Breast Cancer: Staging and Survival Rate

Medically Reviewed by Brian S. Englander, MD
Written by Vanessa LeongFeb 1, 20245 min read
Breast Cancer Staging and Survival Rate

Source: Shutterstock

When diagnosed with breast cancer, most patients are naturally anxious to learn the severity of their disease – the stage of breast cancer they have. The cancer stage gives them an idea of their prognosis and the types of treatment that may be needed to recover from the disease. Being well-informed about the stages of breast cancer can help patients prepare for what’s to come physically, mentally and emotionally.

Staging

The most common staging system for breast cancer follows the American Joint Committee of Cancer (AJCC) staging manual. The 8th edition, which is the latest edition of the staging manual, has both clinical and pathological staging systems for breast cancer.

The clinical prognostic stage is the stage given regardless of the type of treatment. It is based on physical examinations, imaging tests, diagnostic tests, biopsies and your medical history.

The pathological prognosis stage is the stage given after surgery or resection of the tumor. It is based on information obtained from the surgery as well as from any tests done before surgery.

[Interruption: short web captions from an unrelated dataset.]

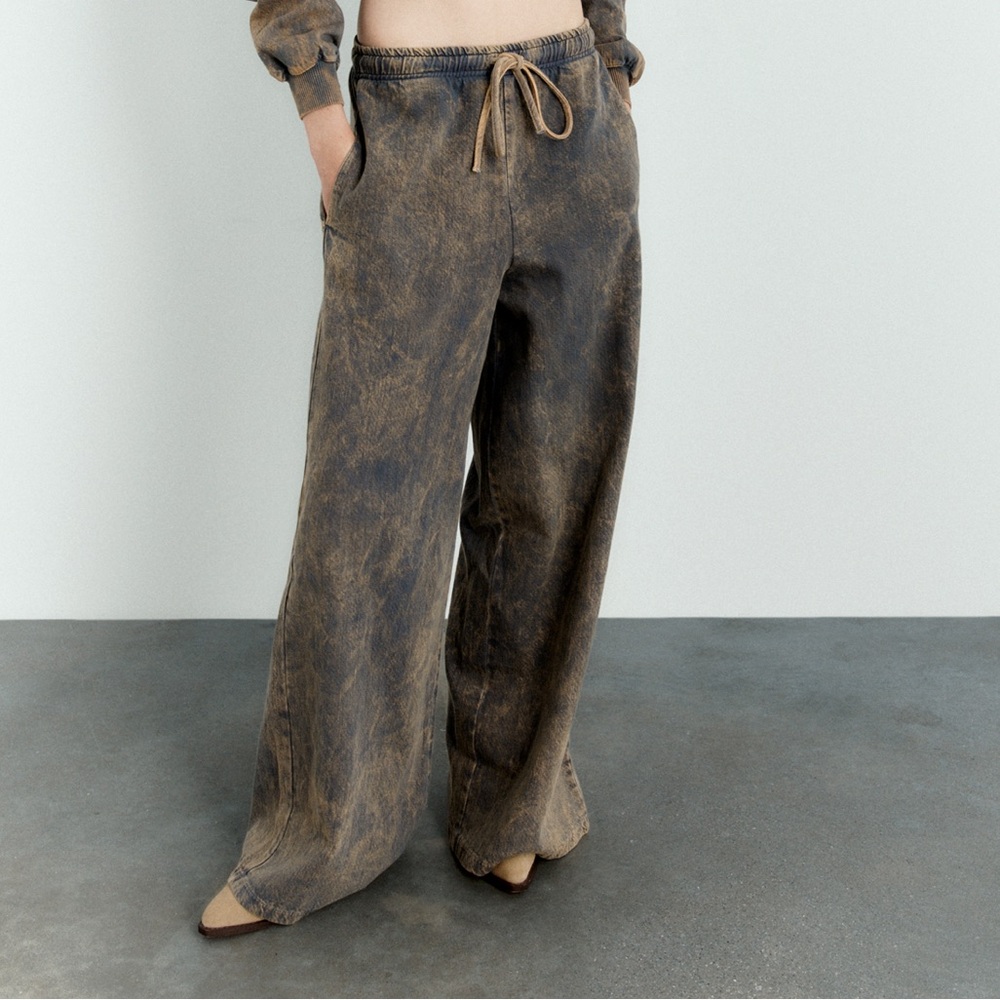 Never Worn Size Small Zara WASHED EFFECT WIDE LEG PANTS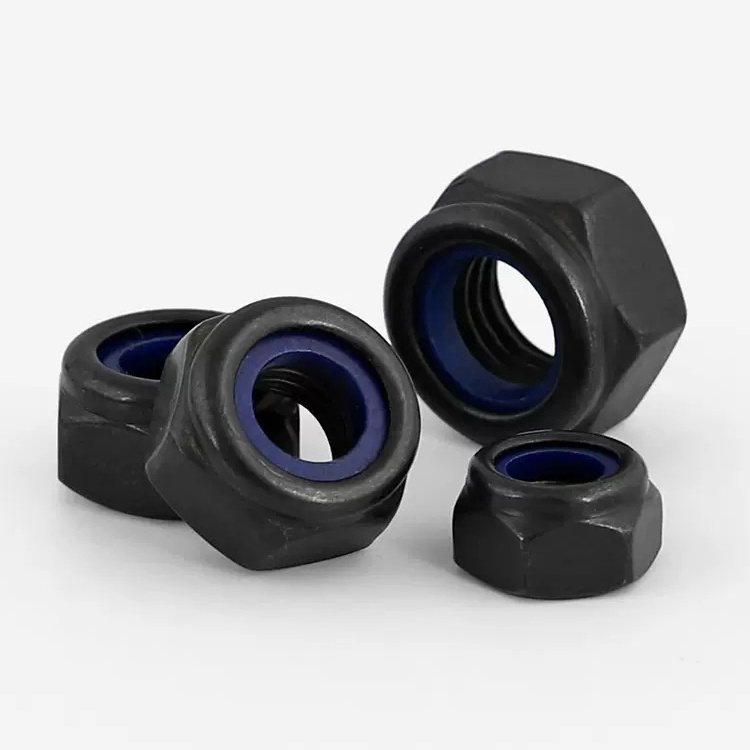 metal fasteners Carbon steel black hex locknut DIN 982 nylon insert lock nut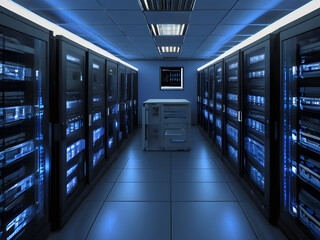 Servers racks walkthrough in Modern data center. Cloud computing datacenter server room. Cloud computing data storage 3d renderserver rack with servers,server rack with servers,server rack in a center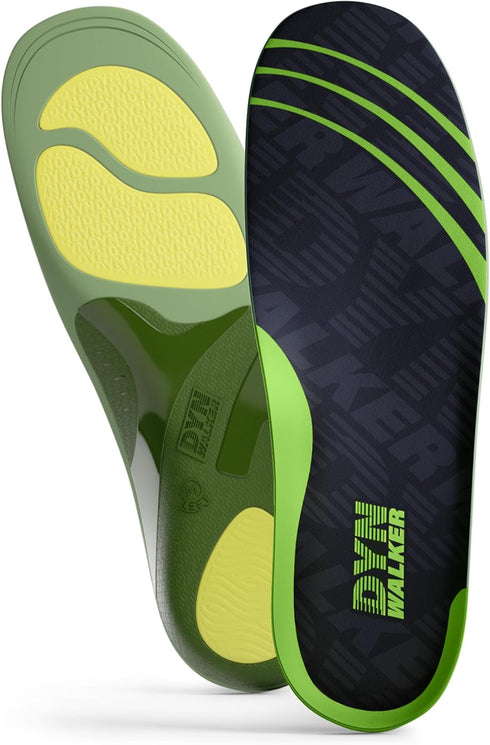 Arch Support Inserts, DynWalker Metatarsal Pads,Relief Plantar Fasciitis,Flat Feet,Overpronation,Heel Bone Spur,Green,S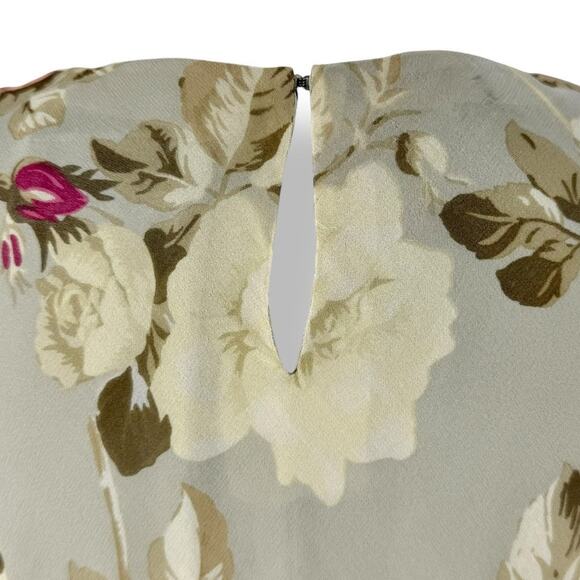 Vintage Cattiva  Women’s Floral 100% Silk Layered Slip Dress Size 10 Sage Green - Picture 7 of 12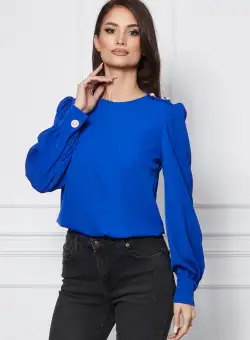 Bluza Dy Fashion albastra cu nasturi pe umar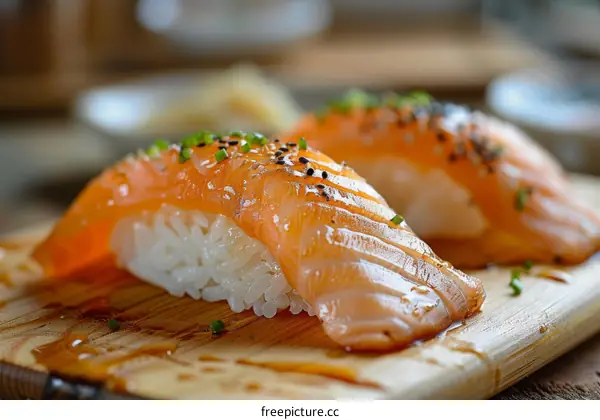 A close-up image of two pieces of sushi on a wooden board.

The pathological prognosis stage tends to be more reflective of the patient’s outlook than the clinical prognosis stage as it is based on more accurate information on the size and spread of cancer.

Both the clinical prognostic stage and pathological prognosis stage are based on:

  • Size of primary tumor
  • Nodal involvement
  • Presence of distant metastases
  • Tumor grade (how different tumor cells look compared to normal cells)
  • Estrogen-Receptor (ER) status
  • Progesterone-Receptor (PR) status
  • HER2 status
  • Multi-gene expression assay score (e.g. Oncotype DX® recurrence score)

TNM Staging System

The size of the primary tumor, nodal involvement and presence of distant metastases are described using the AJCC TNM system.

Primary tumor (T)

This category is based on the size of the tumor and whether or not the cancer has spread to the skin of the breast or the chest wall behind the breast. It is described with the letter ‘T’ followed by ‘X’, ‘is’, 0, 1, 2, 3 or 4.

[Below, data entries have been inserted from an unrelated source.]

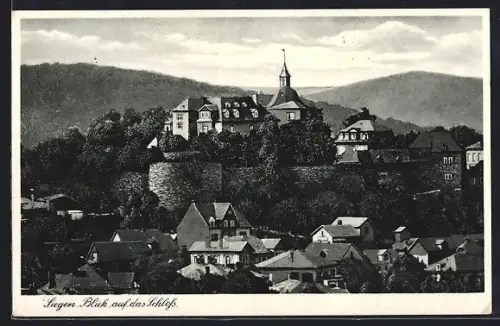 AK Siegen, Blick auf das Schloss über der Stadt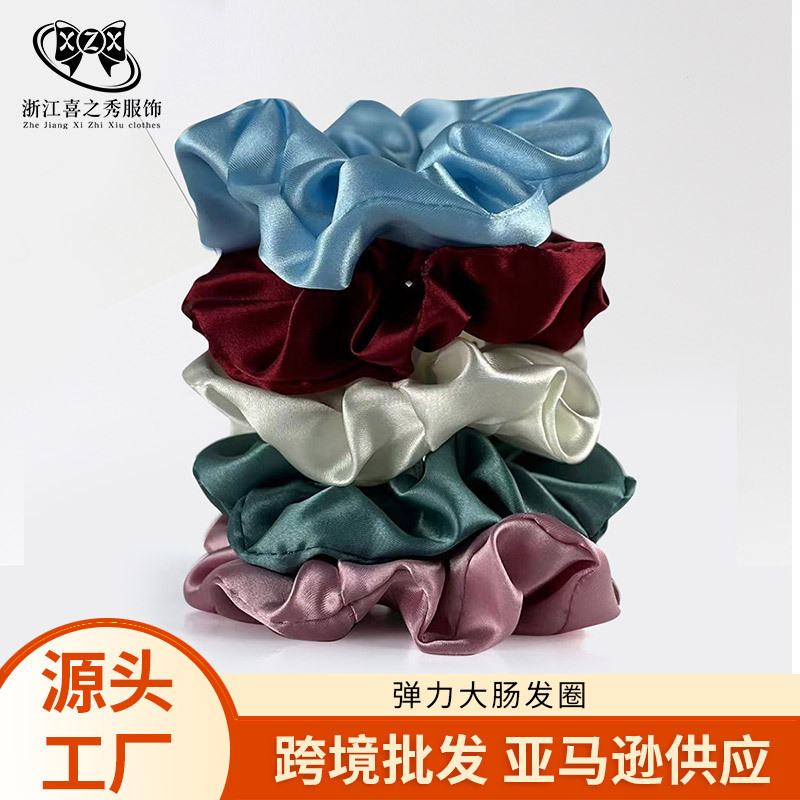 弹力大肠发圈批发欧美纯色布艺肥肠皮筋发绳饰品头花大号布艺手工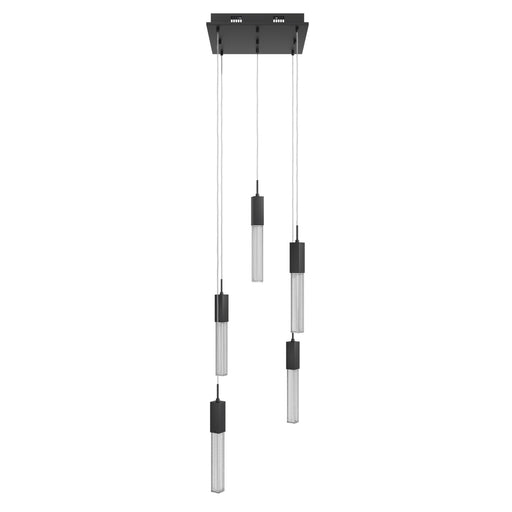 Multi-Light Pendant Avenue Lighting HF1900-5-BOA-BK Boa 5-Light 12"W LED Pendant in Black/Studded Crystals Avenue Lighting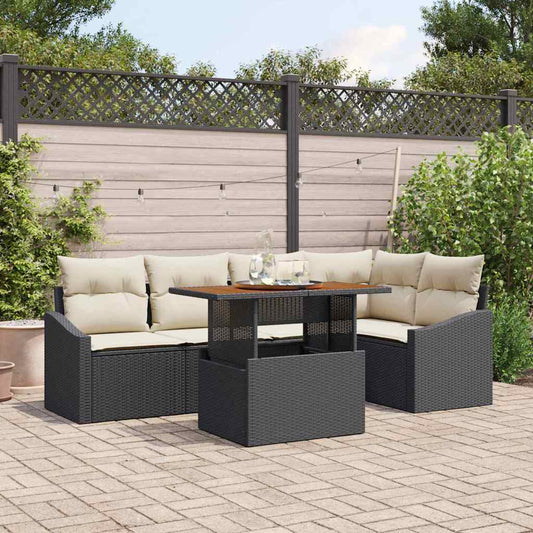 Garten-Sofa-Set mit Speicher 6 pcs Schwarz Poly Rattan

TX: Size of the tumor cannot be measured.

T0: No tumor is present.

Tis: Carcinoma in situ (precancerous cells, e.g., DCIS or Paget’s disease of the breast)

T1: Tumor is smaller than 3/4 of an inch.

T2: Tumor is larger than 3/4 of an inch but not over 2 inches.

T3: Tumor is larger than 2 inches.

T4: Any size of tumor growing into the chest wall or skin.

Nodal involvement (N)

This category looks at how many lymph nodes the cancer has spread to, if any. It is described with the letter ‘N’ followed by ‘X’, 0, 1, 2 or 3. This is a brief and simplified description of nodal involvement:

NX: The lymph nodes cannot be checked.

N0: No cancer has advanced to the neighboring lymph nodes.

N0(i+): Few cancer cells, referred to as isolated tumor cells, were observed in routine stains or when utilizing a specific staining technique known as immunohistochemistry.

N0(mol+): Cancer cells were not found in the underarm lymph nodes, even with the application of specialized stains; however, small amounts of cancer cells were identified through a method called RT-PCR. RT-PCR is a molecular test capable of detecting extremely small quantities of cancer cells.

N1: Cancer has advanced to 1 to 3 underarm lymph node(s), or has been discovered in lymph nodes near the breast bone

N2: Cancer has advanced to 4 to 9 underarm lymph nodes or caused swollen lymph nodes near the breast bone

N3: Cancer has spread to the lymph nodes below the collarbone, around the armpit and behind the breast bone, or above the collarbone.

Distant metastases (M)

This category determines if the cancer has spread to a more distant part of the body like the lungs, bones, or liver, after imaging tests, physical examination or biopsy. It is described with the letter ‘M’ followed by 0 or 1.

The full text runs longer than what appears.